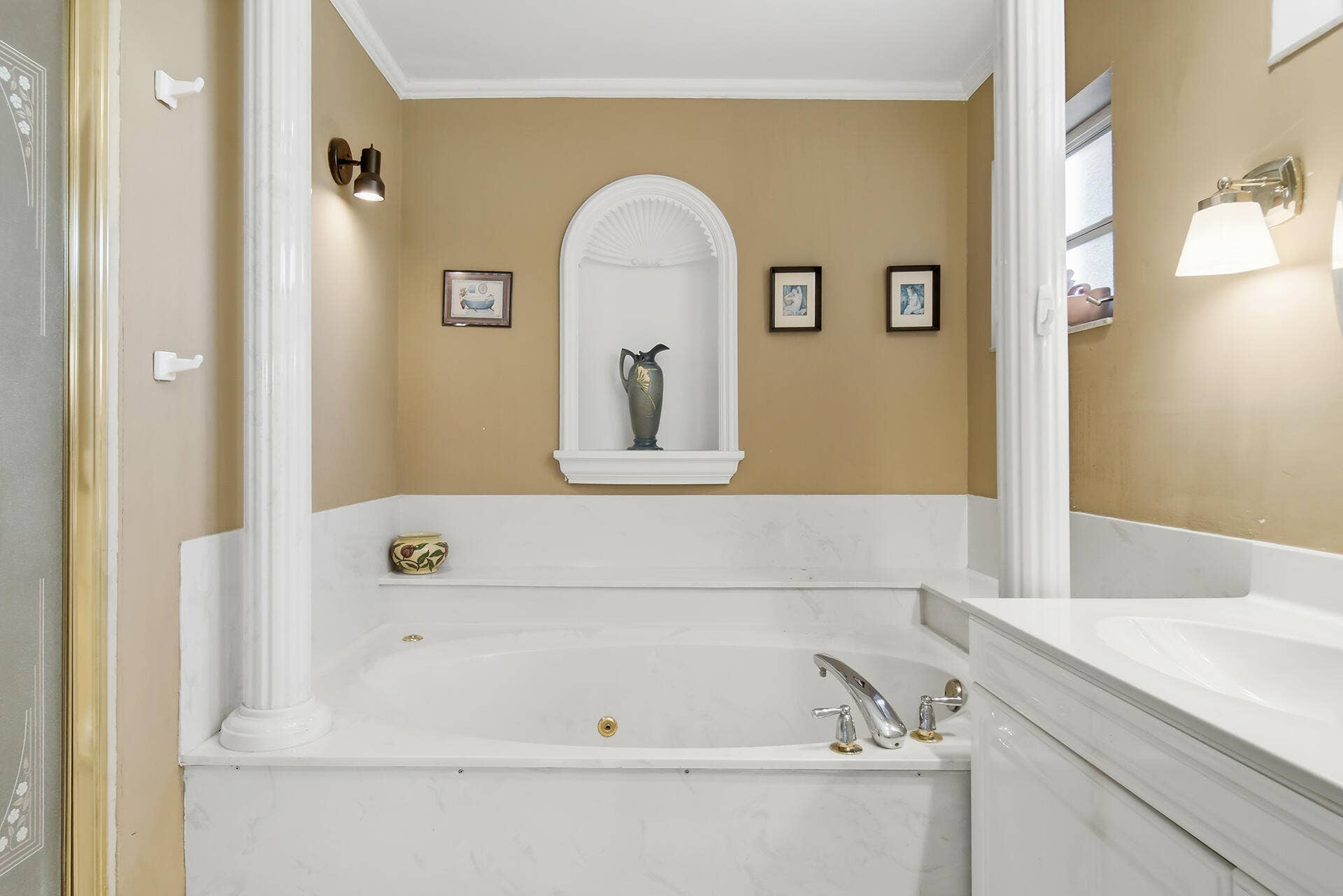 145 NE Spanish Court, Boca Raton, FL 33432 145-NE-SPANISH-COURT-33432-043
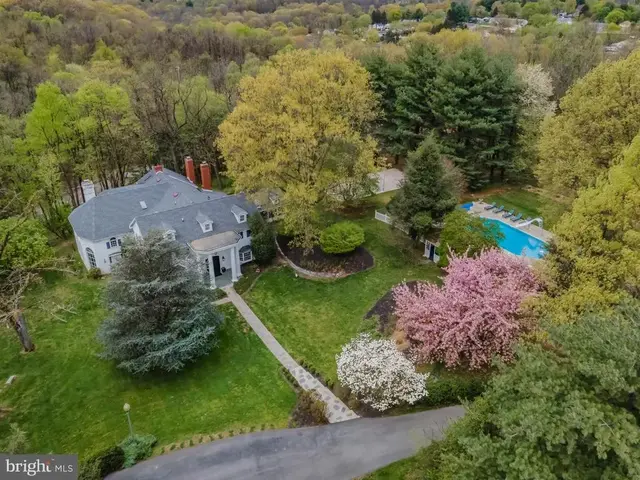 1485 Fairmont Dr, Harrisburg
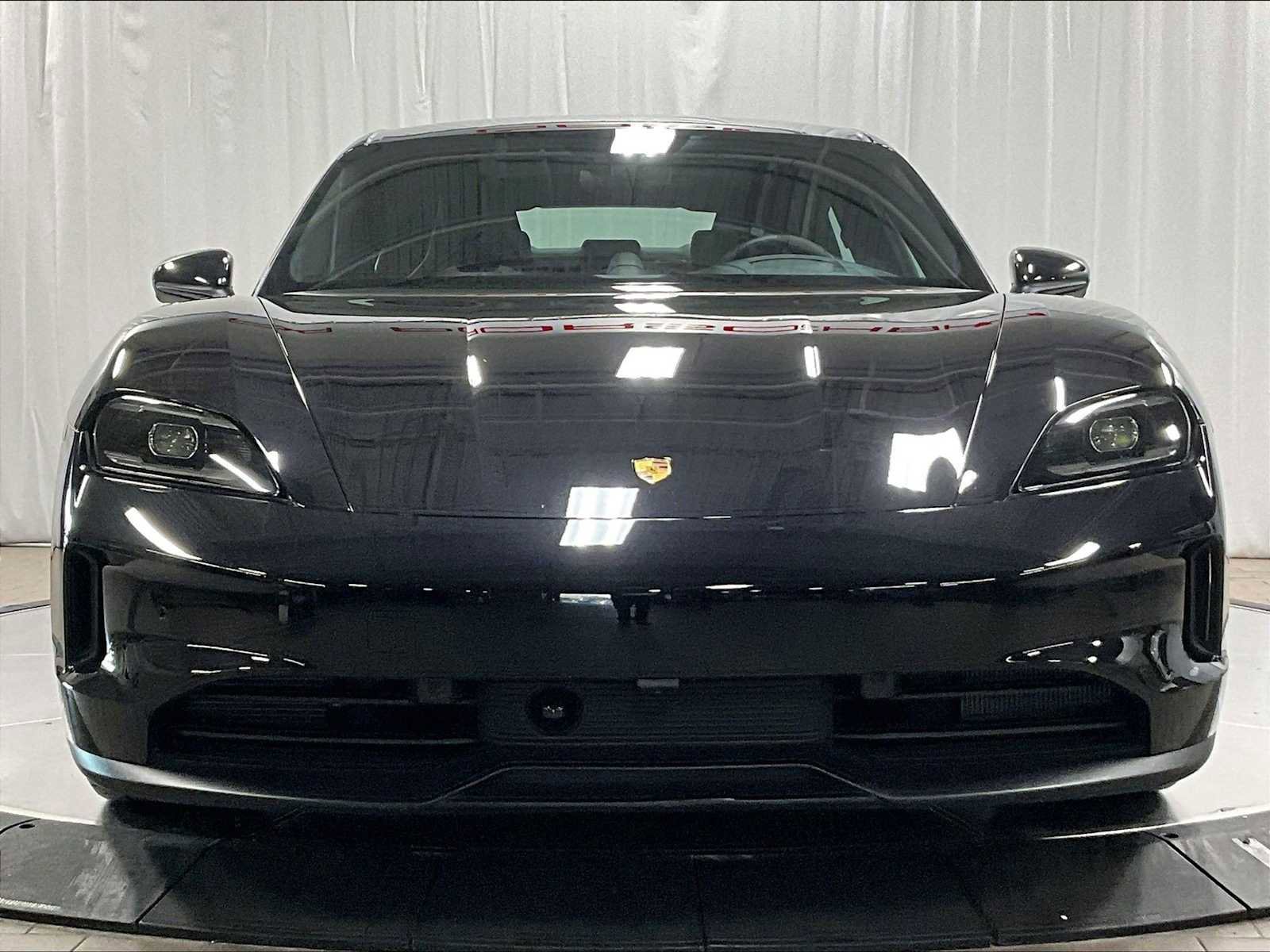 Used 2025 Porsche Taycan image 13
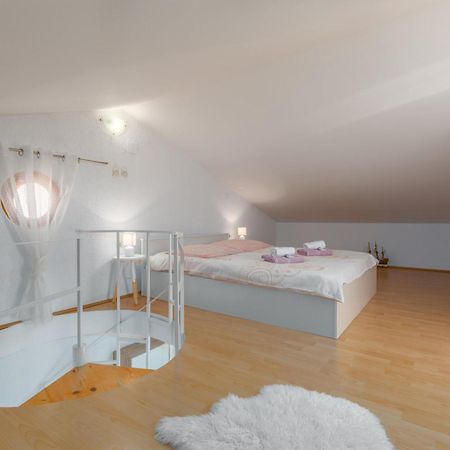 Apartment Leni Near Beach Porec Luaran gambar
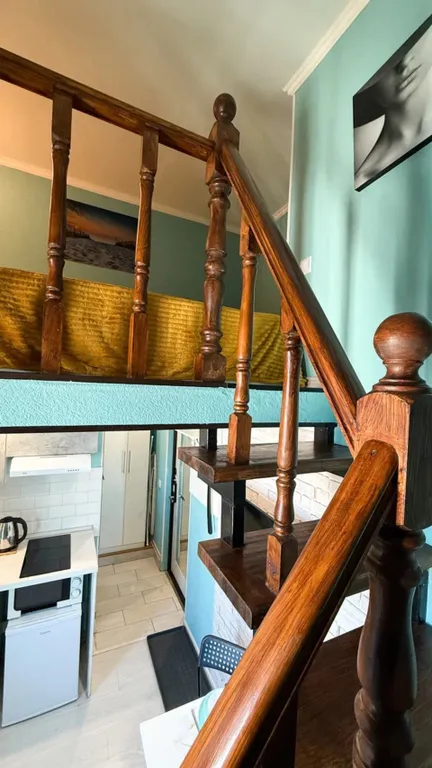 Стильная двухуровневая студия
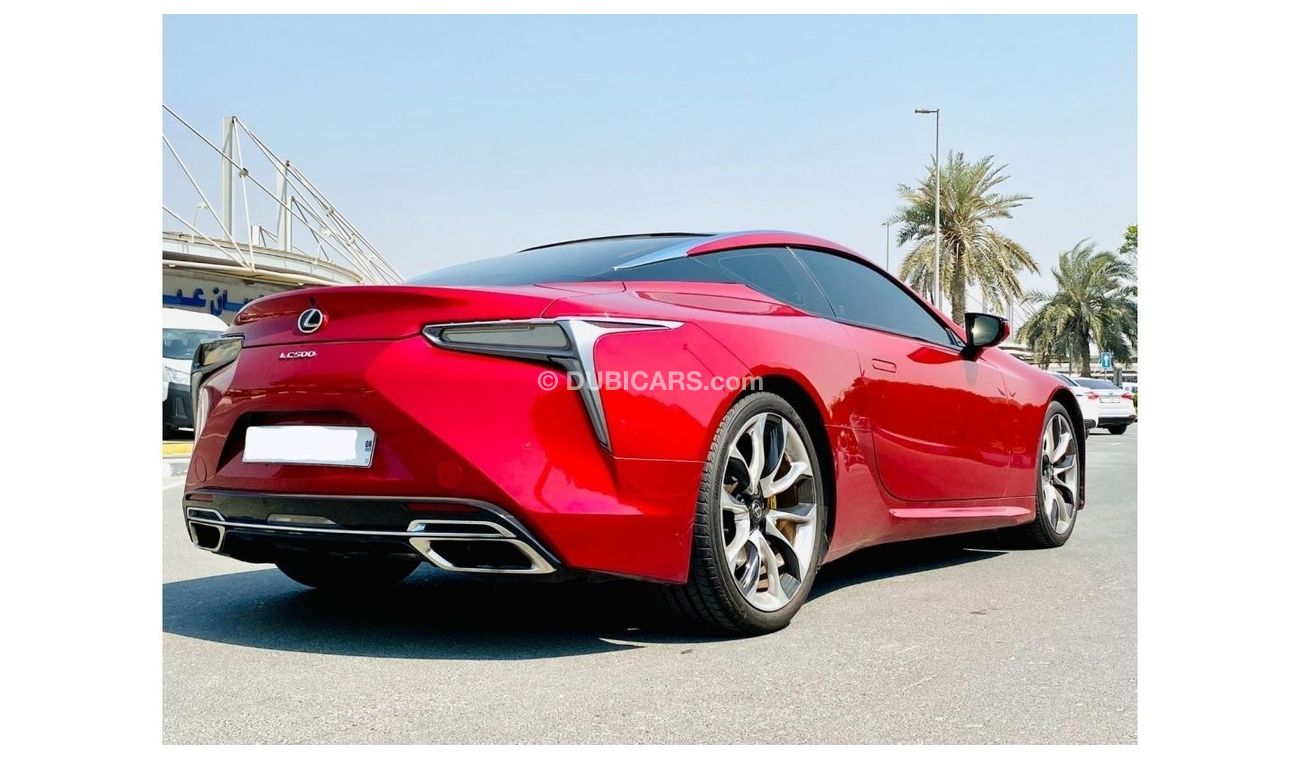 لكزس LC 500 5.0L V8 Carbon Fiber Roof Perfect Condition 2018 Model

#### Exercise requirements
The copy you give must run from the line containing "Apartment Leni Near" through the last line of the records, exactly, with the pictures left out.

#### Answer to this problem
 Apartment Leni Near Beach Porec Luaran gambar
 Стильная двухуровневая студия
 لكزس LC 500 5.0L V8 Carbon Fiber Roof Perfect Condition 2018 Model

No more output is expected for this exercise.